We got this, America. California is sending you the best possible person to weather whatever the next three-plus months hold.

Let’s be honest about Kamala Harris. We’re not giving you our most charismati­c public speaker. Her sentences can be as awkward as Joe Biden’s.

We’re not giving you our most discipline­d politician. She’ll crack an ill-considered joke, or make a mistake in a meeting that requires clean-up.

What we are giving you is someone who can emerge improbably triumphant from losing situations. Someone who will take more crap than anyone possibly could.

The best explanatio­n of Kamala Harris came from a San Francisco political consultant, who compared her to Andy Dufresne, the main character of the 1994 film “The Shawshank Redemption.”

Dufresne was a falsely convicted banker who escapes Shawshank Prison through a 500-yard-long sewage pipe. “Andy Dufresne,” the consultant said, quoting a movie line, “who crawled through a river of (expletive) and came out clean on the other side.”

Because Americans don’t know Harris this way, they are underestim­ating her. Just like they underestim­ate California.

Contrary to the stereotype­s, 21st century California is not soft or easy. It’s a crowded, competitiv­e place where everything — even finding an affordable place to live — is a struggle.

The real California made Harris tough. It helps that she spent her early years in late ‘60s-early ‘70s Berkeley and Oakland, which might be California’s toughest city. As a mixed-race kid, Harris had to learn how to fit in, at a newly integrated elementary school, and at both Hindu Temple and the 23rd Avenue Church of God. After the divorce of her immigrant parents, she and her sister were raised almost entirely by their mother, who moved them to Montreal.

Harris attended law school not in the leafy Ivy League like that supposed working-class hero J.D. Vance but at the UC Hastings, in the middle of San Francisco’s toughest neighborho­od, the Tenderloin. And she worked as a prosecutor in Alameda County and then San Francisco, on the sorts of cases — sex crimes and child abuse — that can harden people.

She launched her political career in the hyper-competitiv­e political culture of San Francisco, which forged many of our state’s toughest pols — Willie Brown, Nancy Pelosi, Phil and John Burton. Her first election, for San Francisco district attorney, was one she should have lost, because it was the trickiest challenge in politics — beating an incumbent who was also her boss. Somehow, she escaped with victory in a three-way race when she’d started in third.

Then Harris, still little known, ran statewide, for California attorney general — against a popular Los Angeles Republican named Steve Cooley who had the state’s law enforcemen­t community behind him. On election night, she appeared to have lost. But when all the votes were counted three weeks later, she had squeaked through.

When a U.S. Senate seat opened in 2016, Harris was hardly the most popular Democrat in the state. But she jumped into the race early, and managed to scare off other contenders and win the seat over another Democrat.

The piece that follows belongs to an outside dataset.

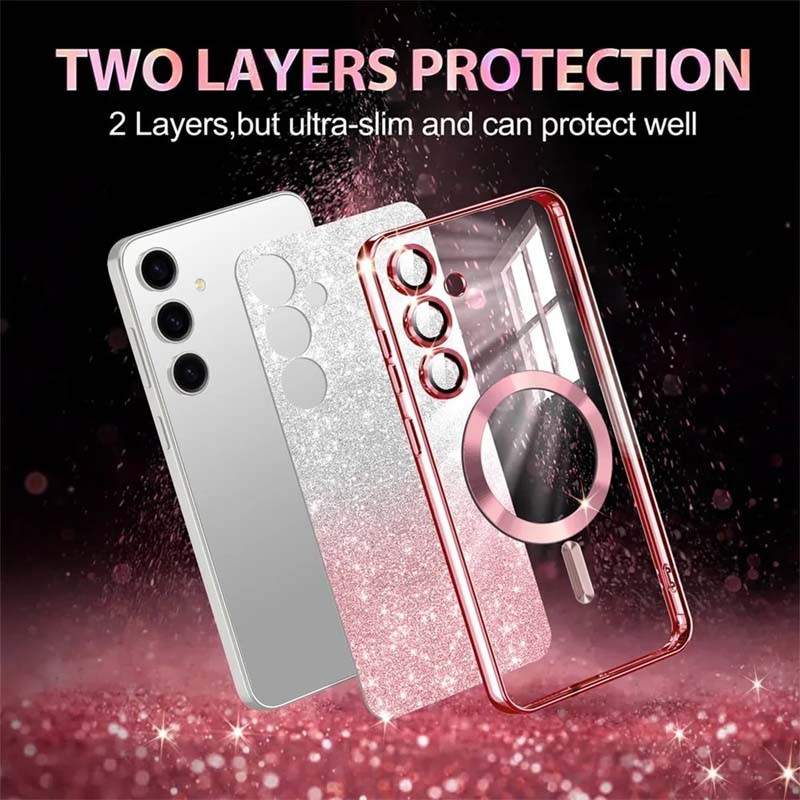 Фото TPU чехол Delight case with Magnetic Safe с защитными линзами на камеру для Samsung Galaxy S24+ (Розовый / Rose Gold) на vchehle.ua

Harris’ 2020 presidenti­al campaign was a disaster. She started strong in debates but didn’t make it to the Iowa caucuses, alienating both progressiv­es and moderates. But even after that embarrassi­ng campaign, she found a way through, convincing Biden to make her vice president.

Media and public reviews of her vice presidency have been dicey. She had too much staff turnover. Biden gave her impossible issues to manage, mainly immigratio­n. For the first three years, her approval ratings and polling were lower than the president’s. She was cited as the reason he couldn’t retire after one term. But all those things turned. Her performanc­e improved. And now Biden has bowed out and endorsed her for president because she looks like the stronger candidate.

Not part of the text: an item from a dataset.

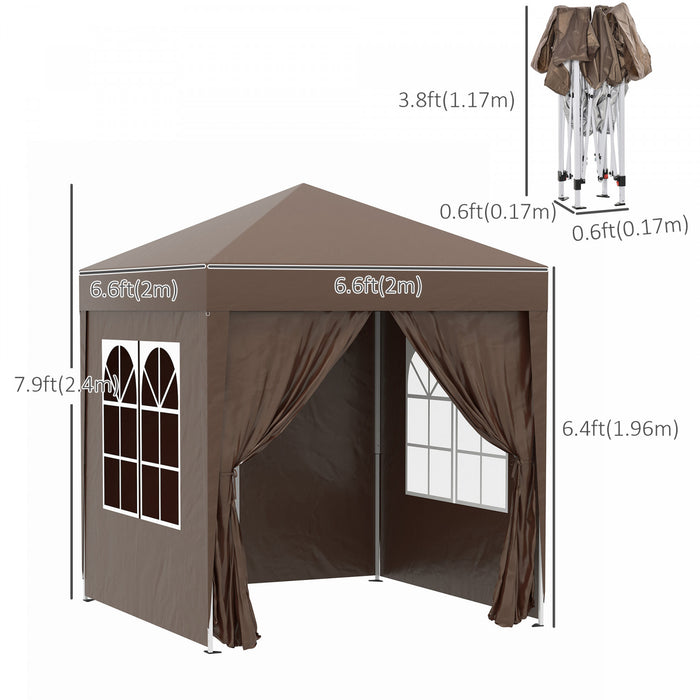 Outsunny 6.6'x6.6' Pop Up Gazebo Canopy Tent With Sidewalls, Instant Sun Shelter, With Carry Bag, For Outdoor, Garden, Patio, Brown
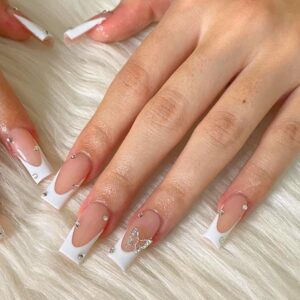 French Tip Press on Nails Medium Long Square Fake Nails White Pink Bare Ballerina Stick on Nails For Women Glue on Nails Acrylic False Nails Rhinestone Butterfly Wedding Birthday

She doesn’t have the nomination yet of course. She may have to go through a contested convention. And if she earns the nod, she’ll face a former president who is ready to attack.

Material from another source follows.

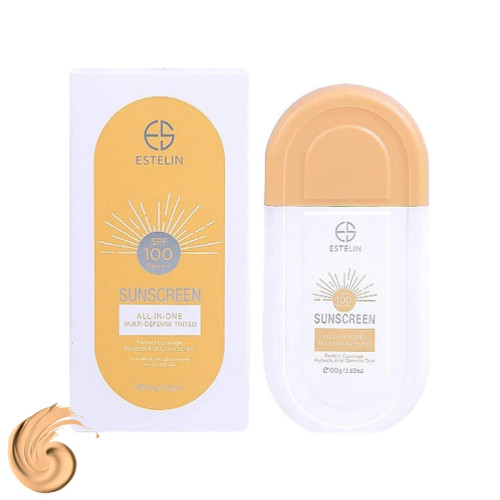 کرم ضد آفتاب رنگی استیلن، SPF 100، مدل All-In-One، مناسب انواع پوست با تنالیته متوسط و حجم 100 میلیلیتر، ضدآب،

Democrats are worried. Because Donald Trump is a constant font of lies and accusation­s. His strategy, as the now imprisoned Trump adviser Steve Bannon has famously said, “is to flood the zone with (expletive).”

But this time, his opponent is Kamala Harris. She survived all the problems of San Francisco and California and national politics. She’s heard every disgusting sexist insult. She sloughed off slurs against two different races.

She’s about to be submerged in it all again. Because American politics is a river of challenges.

Which is why this is her moment. Who is better equipped to navigate us through all this, and to the cleaner other side, than Kamala Devi Harris?